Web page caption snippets
□ □ □ □ □

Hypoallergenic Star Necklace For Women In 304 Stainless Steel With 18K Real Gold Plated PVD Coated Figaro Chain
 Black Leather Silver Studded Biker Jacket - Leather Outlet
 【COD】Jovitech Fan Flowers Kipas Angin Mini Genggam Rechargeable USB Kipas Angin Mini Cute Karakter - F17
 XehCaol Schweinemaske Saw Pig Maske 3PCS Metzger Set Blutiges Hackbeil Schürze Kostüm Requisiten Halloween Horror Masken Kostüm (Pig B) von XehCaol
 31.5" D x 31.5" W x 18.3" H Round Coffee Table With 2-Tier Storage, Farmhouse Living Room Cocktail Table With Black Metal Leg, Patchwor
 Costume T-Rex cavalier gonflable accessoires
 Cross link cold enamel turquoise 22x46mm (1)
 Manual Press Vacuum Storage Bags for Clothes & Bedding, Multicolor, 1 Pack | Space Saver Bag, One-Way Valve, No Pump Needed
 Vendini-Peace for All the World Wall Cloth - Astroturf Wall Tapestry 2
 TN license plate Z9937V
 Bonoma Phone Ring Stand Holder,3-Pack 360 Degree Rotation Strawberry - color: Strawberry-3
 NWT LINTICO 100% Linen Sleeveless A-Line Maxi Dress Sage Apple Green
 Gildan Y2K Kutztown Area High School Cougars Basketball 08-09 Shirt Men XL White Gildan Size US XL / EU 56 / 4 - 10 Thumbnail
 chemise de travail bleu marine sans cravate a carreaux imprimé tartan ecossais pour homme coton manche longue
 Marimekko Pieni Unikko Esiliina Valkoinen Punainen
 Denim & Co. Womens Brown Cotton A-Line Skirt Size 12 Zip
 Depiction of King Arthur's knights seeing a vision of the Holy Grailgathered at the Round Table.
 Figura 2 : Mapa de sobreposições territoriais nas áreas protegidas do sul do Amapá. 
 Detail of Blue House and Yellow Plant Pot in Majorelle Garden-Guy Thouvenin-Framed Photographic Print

□ □ □ □ □

Your instructions: Here the job is to transcribe the lines from the first line of the data through the line containing "Figura 2 : Mapa", inclusive, exactly and with nothing else.

Result:
Hypoallergenic Star Necklace For Women In 304 Stainless Steel With 18K Real Gold Plated PVD Coated Figaro Chain
 Black Leather Silver Studded Biker Jacket - Leather Outlet
 【COD】Jovitech Fan Flowers Kipas Angin Mini Genggam Rechargeable USB Kipas Angin Mini Cute Karakter - F17
 XehCaol Schweinemaske Saw Pig Maske 3PCS Metzger Set Blutiges Hackbeil Schürze Kostüm Requisiten Halloween Horror Masken Kostüm (Pig B) von XehCaol
 31.5" D x 31.5" W x 18.3" H Round Coffee Table With 2-Tier Storage, Farmhouse Living Room Cocktail Table With Black Metal Leg, Patchwor
 Costume T-Rex cavalier gonflable accessoires
 Cross link cold enamel turquoise 22x46mm (1)
 Manual Press Vacuum Storage Bags for Clothes & Bedding, Multicolor, 1 Pack | Space Saver Bag, One-Way Valve, No Pump Needed
 Vendini-Peace for All the World Wall Cloth - Astroturf Wall Tapestry 2
 TN license plate Z9937V
 Bonoma Phone Ring Stand Holder,3-Pack 360 Degree Rotation Strawberry - color: Strawberry-3
 NWT LINTICO 100% Linen Sleeveless A-Line Maxi Dress Sage Apple Green
 Gildan Y2K Kutztown Area High School Cougars Basketball 08-09 Shirt Men XL White Gildan Size US XL / EU 56 / 4 - 10 Thumbnail
 chemise de travail bleu marine sans cravate a carreaux imprimé tartan ecossais pour homme coton manche longue
 Marimekko Pieni Unikko Esiliina Valkoinen Punainen
 Denim & Co. Womens Brown Cotton A-Line Skirt Size 12 Zip
 Depiction of King Arthur's knights seeing a vision of the Holy Grailgathered at the Round Table.
 Figura 2 : Mapa de sobreposições territoriais nas áreas protegidas do sul do Amapá. 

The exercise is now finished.